━━ Available data ━━

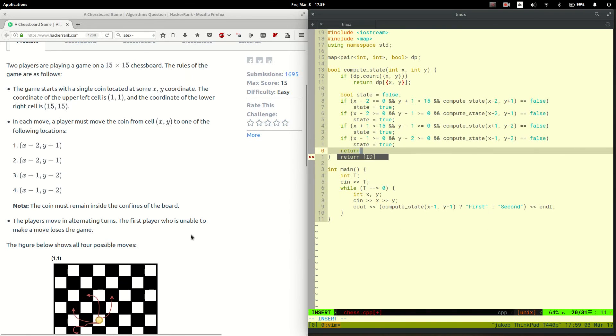Now we've gone through all four moves, so we store the value in the dynamic programming map and return the result.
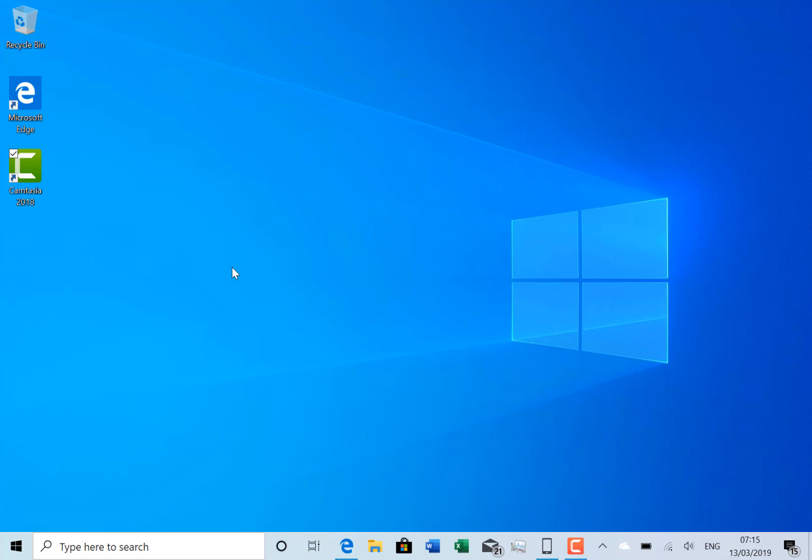The biggest change with this build - it's not really part of the build but it works with this build - is a change to Your Phone. I can't show you this because of the supported devices. So with Your Phone...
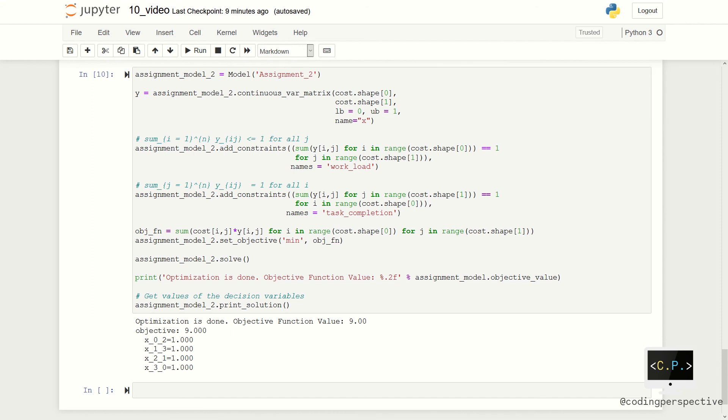We have covered one of the most known problems in the literature, called the assignment problem. Remember that the LP relaxation is valid for a balanced linear assignment problem. Thank you for watching.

━━━

[What to work on]: Nothing but the lines from the top of the data above through the line containing "The biggest change" should be output, exactly as written and without the pictures.

[Output of the task]:
Now we've gone through all four moves, so we store the value in the dynamic programming map and return the result.
The biggest change with this build - it's not really part of the build but it works with this build - is a change to Your Phone. I can't show you this because of the supported devices. So with Your Phone...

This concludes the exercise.